Marriage marriages are not a new thing in Pakistan society. It has been practiced for centuries but the instances of love marriage in Pakistan are still low. In the last several decades the Pakistan society has undergone tremendous change – the social fabric of society has become more flexible and girls are treated equal to boys. As a result, interaction between the opposite sex has increased considerably and this has contributed to the increased percentage of love marriages in the country. However, the phenomena remains restricted to urban and semi-urban areas. Though love marriages still do not enjoy the same respect and position in the society as arranged marriages, parents are becoming thoughtful of their children’s feelings. The biggest reason for opposing a love marriage is caste or religion difference. This is because people are skeptical in marrying their kids in an alien cultural setting. In addition, there are other issues like economic standard, horoscope compatibility, that also hinder the process of love marriage.
Love Vs. Arranged Marriage!
The question that arises in every Pakistan youth’s mind is whether to love and marry or prefer to marry and then fall in love? If one decides to go for the love marriage route and is hell bent on finding ‘the One’ in order to live happily ever after, they need to consider the fact that love marriages require equal amount of work put into it for it to be happy and peaceful. Just because love is pre-existing, does not mean that it will continue to be so for eternity. One needs to nurture the love and work on doubling and tripling it for those married moments when it becomes especially difficult to love your partner! While arranged marriages come with greater security with greater involvement of parents, there remains the question of accepting a bunch of almost-stranger as your family for the rest of your life. Also the amount of judgment that the girl or boy has to go through, scrutiny of physical appearance in case of girls and financial status in case of the boys, is a huge deterrent from certain educated people nowadays. Unlike in love marriages, gender-biased roles for both men are women are much more strongly enforced in arranged marriages. There are advantages and disadvantages to both, yet one thing is for sure, the decision of marriage, be it arranged or love, should be taken with careful consideration and much deliberation.

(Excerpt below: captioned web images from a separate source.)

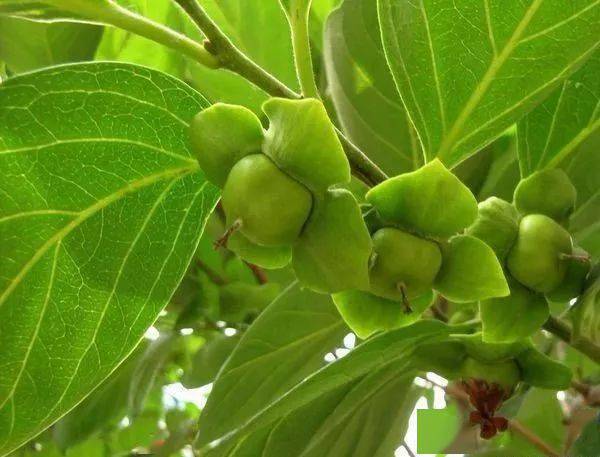 秋日美景,柿叶满庭红颗秋_柿子_皮上生_郑虔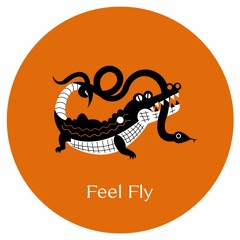 Feel Fly - Cosmo Cosmo [INT051] - Internasjonal - 12"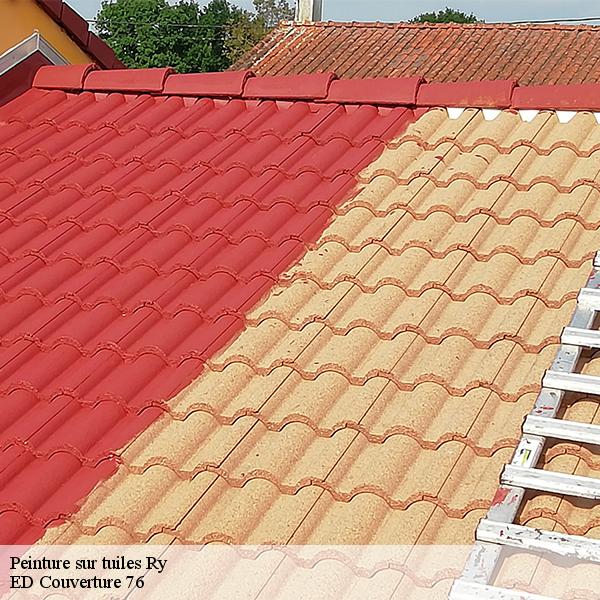 Peinture sur tuiles ry-76116 ED Couverture 76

Present scenario in Pakistan has evolved a lot as compared to the scenario even ten years ago. Love marriages are accepted with much more openness nowadays throughout the country in all prevalent cultures. Although the huge difference in divorce rates in Pakistan with other developed nations like the USA are being attributed to the glory of arranged marriages, it has more to do with the country’s social structure and not with the preferred mode of marriage. Marriages in the country nowadays have adopted this hybrid model called semi arranged marriage, where the boy or girl meet with the candidates preferred by their parents and if they provide their consent to the match they are allowed to date like a couple in love for a designated period of time which is called the courtship period. If all goes well, the couple will get married after the courtship period and will live happily ever after. I think this evolution in the whole orthodox marriage procedure in Pakistan shows how much influence the merits of love marriage and the fact that familiarity plays a big role in the future of the couple are being accepted by the society.